Integration using the fundamental theorem of calculus

[trulyfalse]

Hello PF.

Homework Statement

Find a function g such that

$\int_0^{x^2} \ tg(t) \, \mathrm{d}t = x^2+x$

Homework Equations

From the fundamental theorem of calculus:

$f(x) = \frac{d}{dx}\int_a^x \ f(t) \, \mathrm{d}t$

The Attempt at a Solution

After taking the derivative of both sides of the equation:

$\frac{d}{dx}\int_0^{x^2} \ tg(t) \, \mathrm{d}t = 2x+1$

Thus, from the fundamental theorem and chain rule,

$(2x)(x^2)g(x^2) = 2x+1$

$2x^3g(x^2) = 2x+1$

$g(x^2) = \frac{1}{x^2} + \frac{1}{2x^3}$


However, I know that this answer is wrong because the definite integral of this function (when substituted into the original equation) is not equal to x + x^2. I'm having difficulty identifying my error. Could someone please point me in the right direction? :)

 

[brmath]

What did you put back into your integral for checking. You solved only down to g($x^2$). Did you put that back in or g(x)? I got the right answer when I put in g(x).

 

[trulyfalse]

I put g(x^2) back into the integral. How would I simplify g(x^2) to get g(x)? Would I square every expression for x in the equation (i.e x^2 and x^3)?

 

[brmath]

I put g(x^2) back into the integral. How would I simplify g(x^2) to get g(x)? Would I square every expression for x in the equation (i.e x^2 and x^3)?

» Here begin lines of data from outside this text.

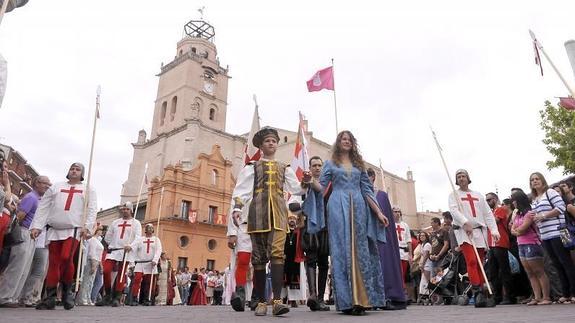 La reina Isabel y su hermano, por las calles de Medina. 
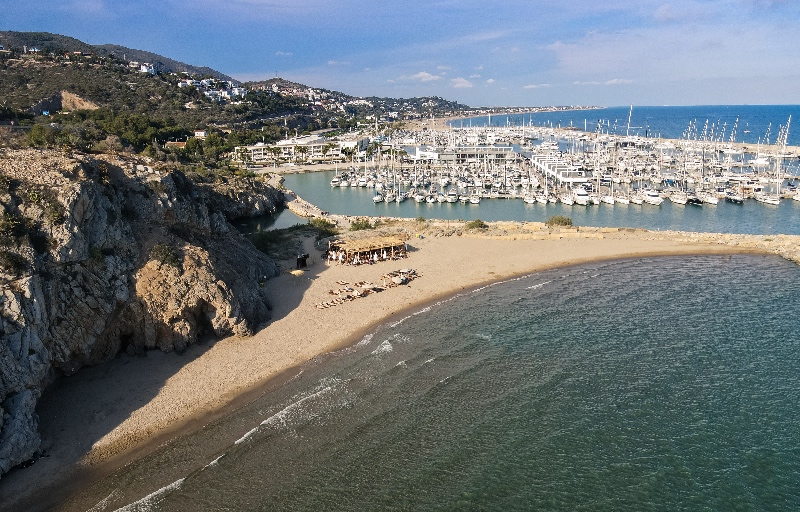 Cala Ginesta es una de las playas más recónditas de la Costa de Barcelona.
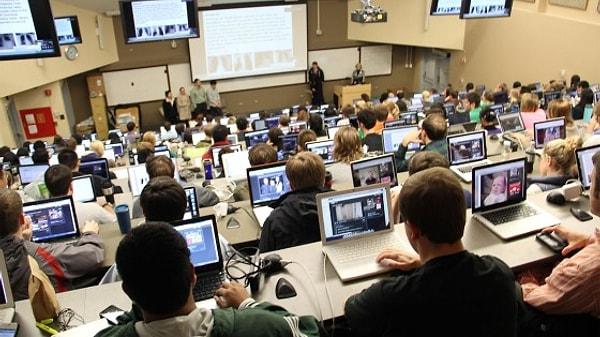 2. Henüz üniversite öncesine tam olarak sirayet etmesede, sınıflarda kayıt cihazı, laptop, tablet, vs. kullanımı çok yüksek seviyede.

To break it into two steps: Let u = $x^2$ and figure out what g(u) is. Then since it doesn't matter what symbol you use the function g(u) is the same as g(x).

More directly, just stick an x in everywhere you have an $x^2$.

 

[trulyfalse]

Aha! Then U = sqr(x) and that can be substituted in the equation. Thanks brmath!